◆ Work required: Look through the material below and copy exactly the lines from the line with "dining room featuring" to the line with "Zielke Towing performing", those two lines included.

◆ Dataset entries:
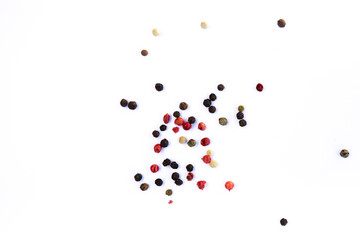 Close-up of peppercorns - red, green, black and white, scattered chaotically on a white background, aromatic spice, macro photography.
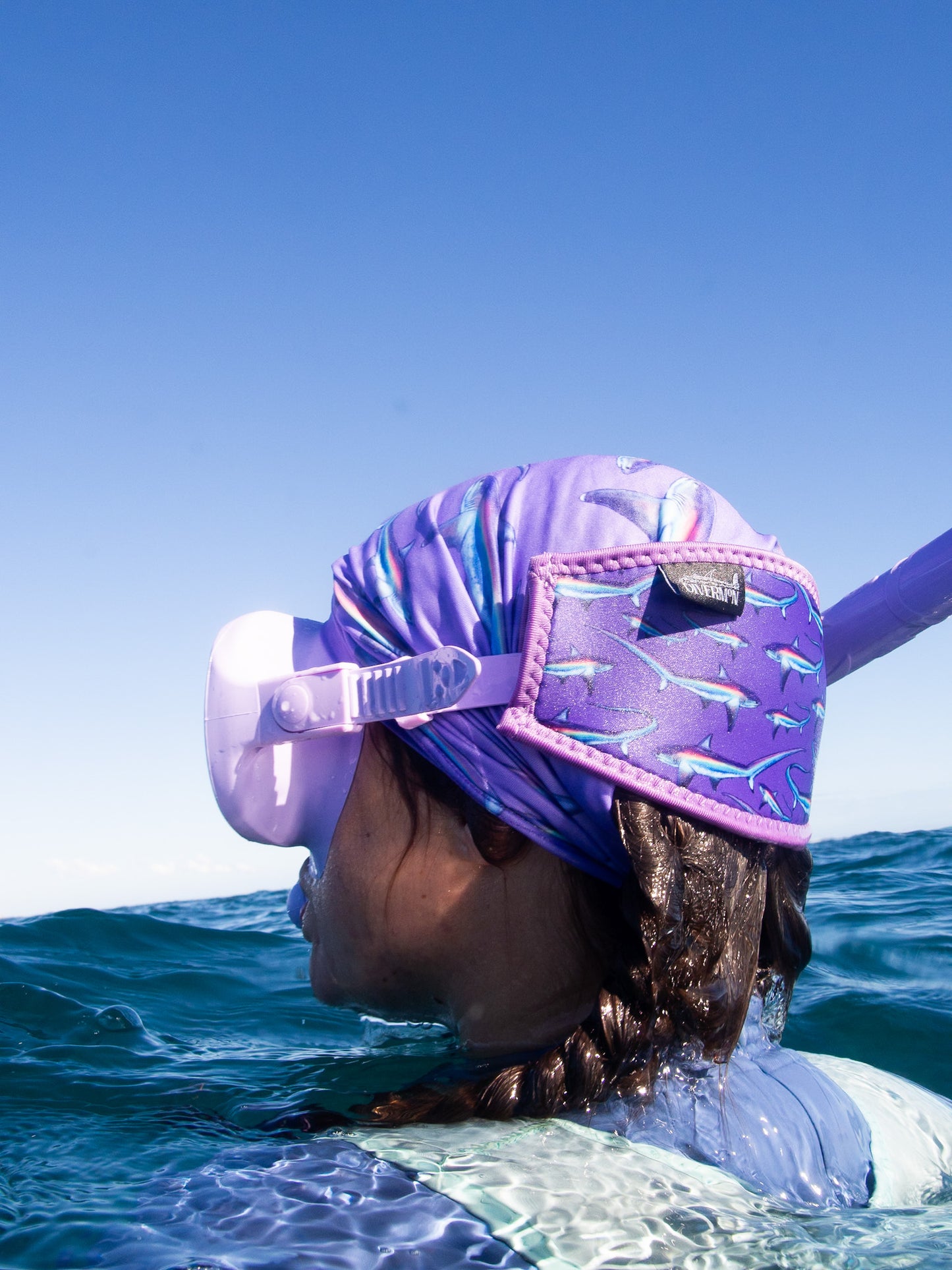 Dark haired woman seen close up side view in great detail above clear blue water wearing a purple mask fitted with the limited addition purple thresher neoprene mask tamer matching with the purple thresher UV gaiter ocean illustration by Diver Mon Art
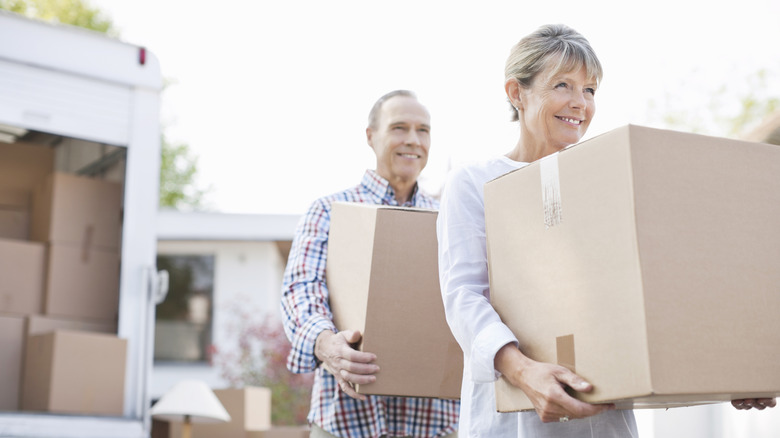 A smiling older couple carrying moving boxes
...
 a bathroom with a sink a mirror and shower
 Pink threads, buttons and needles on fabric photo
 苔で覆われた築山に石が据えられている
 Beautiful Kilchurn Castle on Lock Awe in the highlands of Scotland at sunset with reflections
--
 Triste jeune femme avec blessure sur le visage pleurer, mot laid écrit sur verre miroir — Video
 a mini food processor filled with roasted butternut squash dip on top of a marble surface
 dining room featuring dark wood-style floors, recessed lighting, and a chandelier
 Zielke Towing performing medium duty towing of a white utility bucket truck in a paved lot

◆ Task result:
 dining room featuring dark wood-style floors, recessed lighting, and a chandelier
 Zielke Towing performing medium duty towing of a white utility bucket truck in a paved lot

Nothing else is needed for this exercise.